_Record excerpts_
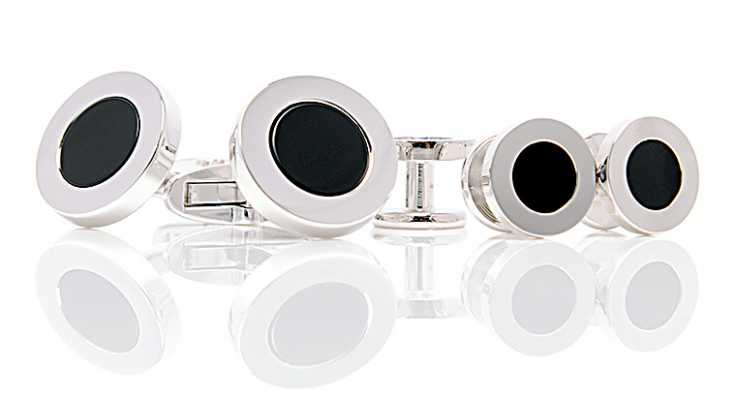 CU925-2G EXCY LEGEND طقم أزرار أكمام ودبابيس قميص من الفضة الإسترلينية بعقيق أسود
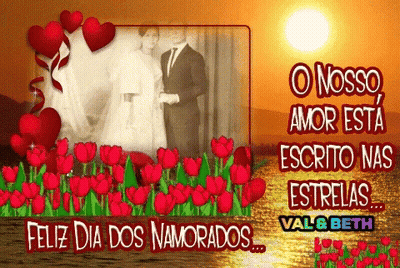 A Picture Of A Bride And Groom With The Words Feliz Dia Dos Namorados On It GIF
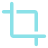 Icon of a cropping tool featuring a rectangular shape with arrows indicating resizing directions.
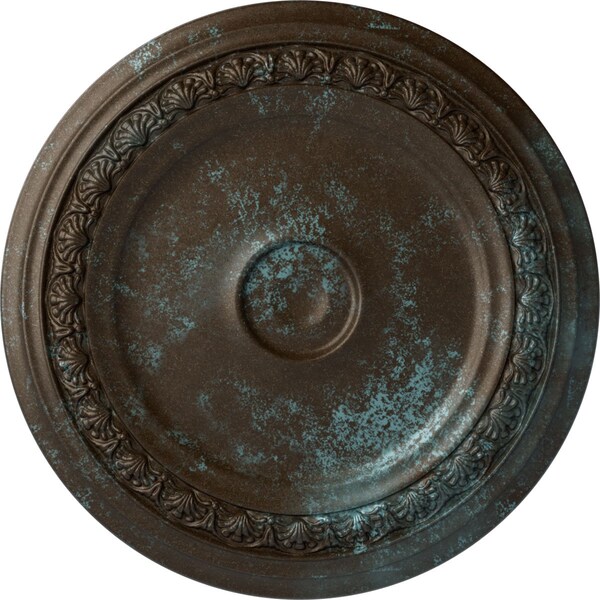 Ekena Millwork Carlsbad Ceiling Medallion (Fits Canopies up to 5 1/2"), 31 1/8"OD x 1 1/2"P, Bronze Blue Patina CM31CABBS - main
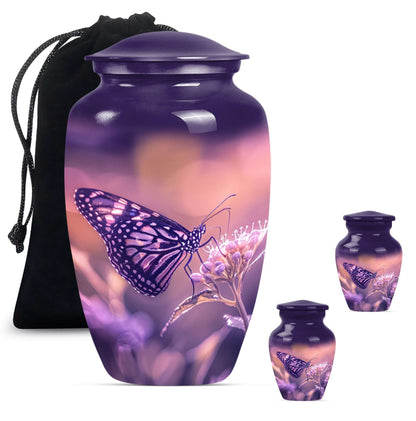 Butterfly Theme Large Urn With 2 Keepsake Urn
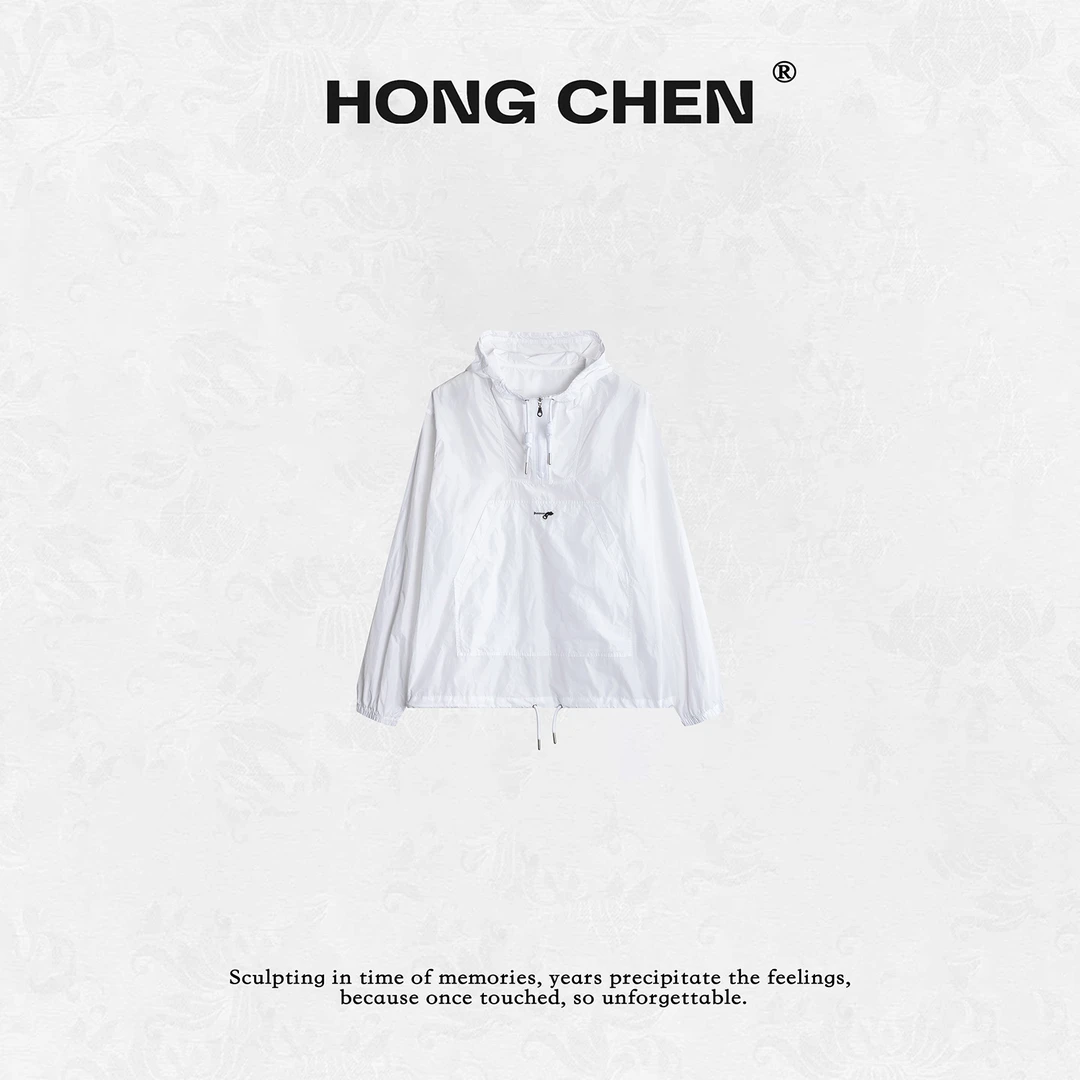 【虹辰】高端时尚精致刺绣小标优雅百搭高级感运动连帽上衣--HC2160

_Problem_
Instructions for the listing above: set down every entry exactly and drop any image.

_Task answer_
 CU925-2G EXCY LEGEND طقم أزرار أكمام ودبابيس قميص من الفضة الإسترلينية بعقيق أسود
 A Picture Of A Bride And Groom With The Words Feliz Dia Dos Namorados On It GIF
 Icon of a cropping tool featuring a rectangular shape with arrows indicating resizing directions.
 Ekena Millwork Carlsbad Ceiling Medallion (Fits Canopies up to 5 1/2"), 31 1/8"OD x 1 1/2"P, Bronze Blue Patina CM31CABBS - main
 Butterfly Theme Large Urn With 2 Keepsake Urn
 【虹辰】高端时尚精致刺绣小标优雅百搭高级感运动连帽上衣--HC2160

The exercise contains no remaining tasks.